By running small experiments and having your customers use your product early and often, you can continually ensure that you’re solving the right problems. You should also run automated software tests so that defects come to the surface quickly. These are both examples of tightening the feedback loop.
If a decision doesn’t need to be made now, defer until the last responsible moment. Because you will know more in the future than you know now, you will make a more informed decision. This may be what programming language or platform to use, what color something should be, or when/if a particular feature should be built.
Build something useful, however unpolished, and show it to your customers as quickly as possible. This is the best way to ensure that you and they are on the same page. As a means of communication, it blows written requirements, drawings, and meetings out of the water.
Rather than management telling developers how to do their jobs, developers should tell managers how something should be built and how long it will take. Developers organize themselves and divide work based on their strengths. The role of management shifts from controlling the team to supporting them and removing obstacles to success.
Build Quality In
Instead of examining a project for quality at the end, build quality into the structure of the work with tools like automated testing and continuous integration. Aggressively refactor out duplicated code.
See The Whole
All of these principles are complementary and are worth more than the sum of their parts. They impact culture and quality in a way that helps you build a better, more resilient organization. Any one of these principles will save dollars and time if that’s all you’re looking for. But if you implement them together, you’ll save employee turnover, market alignment, customer frustration, and maybe even your company.

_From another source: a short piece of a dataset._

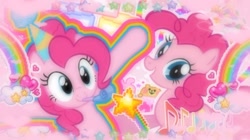 Size: 1200x671 | Tagged: safe, derpibooru import, edit, pinkie pie, earth pony, g4, colorful, female, rainbows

You hypothesize that people want a fast food delivery app. You first need to figure out if anyone actually does, and what features they might find valuable. You make a simple web form where people type out the fast food they want, which is sent to you as an email. You do all of the shopping and delivery, take payment with Square, ask your customers questions, and make note of emerging patterns. The customer thinks you have a scaled app, a big team, ongoing analytics, and limitless capacity. From their perspective that might as well be true, but in between the order and delivery you’re doing everything by hand (in lean terms, this is called a concierge MVP).

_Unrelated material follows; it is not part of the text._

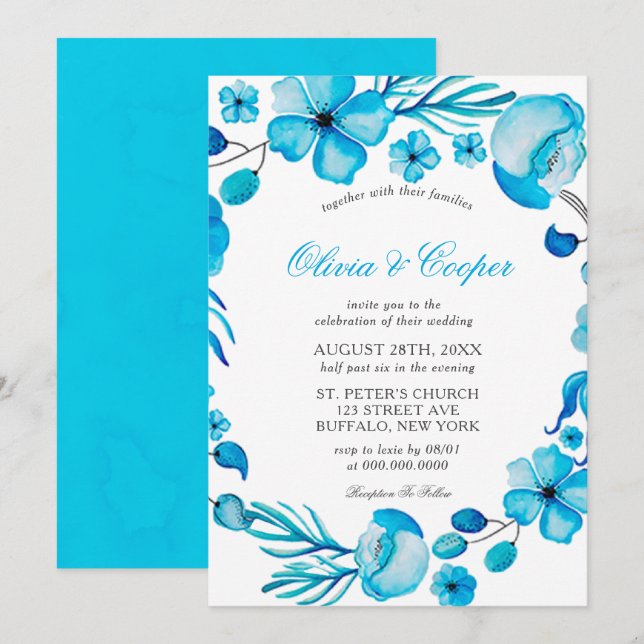 Océan Bleu Aquarelle Faire-part de mariage Florale (Devant / Derrière)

You validate your hypothesis, and make another one based on the information you get: People want to see past orders and make reorders based on them. You have a developer build out the simplest way to test the theory. Your developer tells you that just by saving the typed grocery list in HTML5 Local Storage, it can be made to look like it’s “saved” without actually having to build out a persistence layer for the application. Your developer claims they can have it tested and ready in two days. When delivering orders, you ask users about their experience with the “new feature”, and also manually analyze how much their orders vary.

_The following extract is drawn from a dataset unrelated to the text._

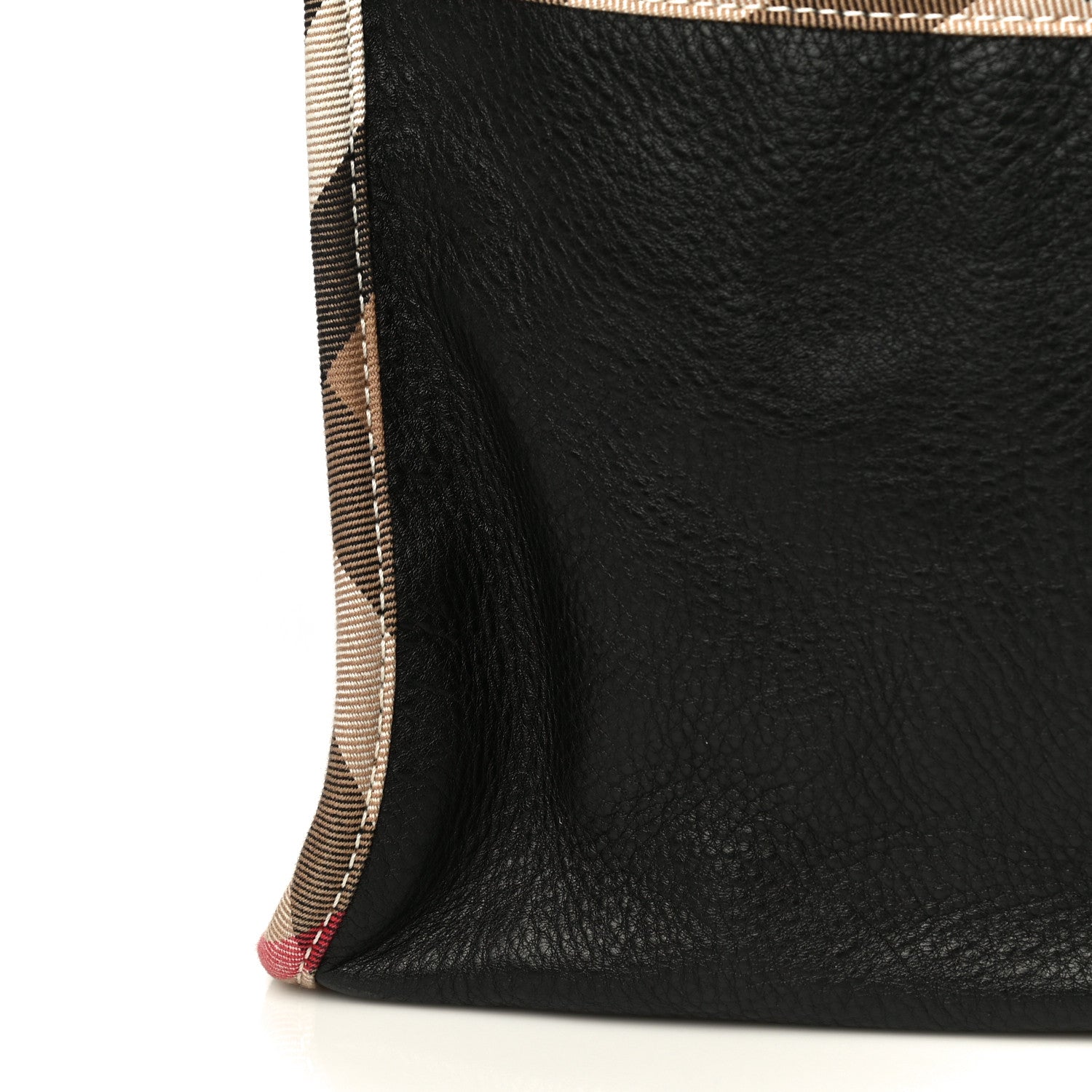 Burberry Grainy Calfskin Nova Check Tote Black 13 of 20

As the ability to handle orders overwhelms the person reading the lists and buying and delivering the food, capacity needs to expand (in lean terms, this is called the constraint) to continue growing the business. You decide to automate parts of the existing process with software. Instead of typing out a full list into a text field, you have the users type out list items, quantities, and locations separately. Then, the time savings from processing data eliminate the constraint of your ability to process orders. When this isn’t enough, you build in a login system and a persistence layer to store orders and payment information. After that, you might have users select from menus populated by APIs. The order you build features in is driven by validating hypotheses and eliminating constraints.
This is lean software development. Here’s what didn’t happen: Hiring 8 people to come up with a bunch of feature ideas, building a robust, scalable software platform, deploying it after 3 months of hard work, and hoping people like the result. Instead:
- Very little software was built (no waste)
- The product was based on the needs of actual paying customers (amplify learning)
- Nothing was decided until it had to be (decide late)
- Ideas were tested with customers immediately (deliver soon)
- Technologies and estimates were decided by the person building them (empower people)
- Code was tested as it was delivered (build quality in)
- All of these implemented as a cohesive system (see the whole)
Software is fundamentally about solving problems. While methodologies like Agile help us build better software, lean principles are about making sure that our better software solves the right problems. Think big, act small, fail fast, learn rapidly.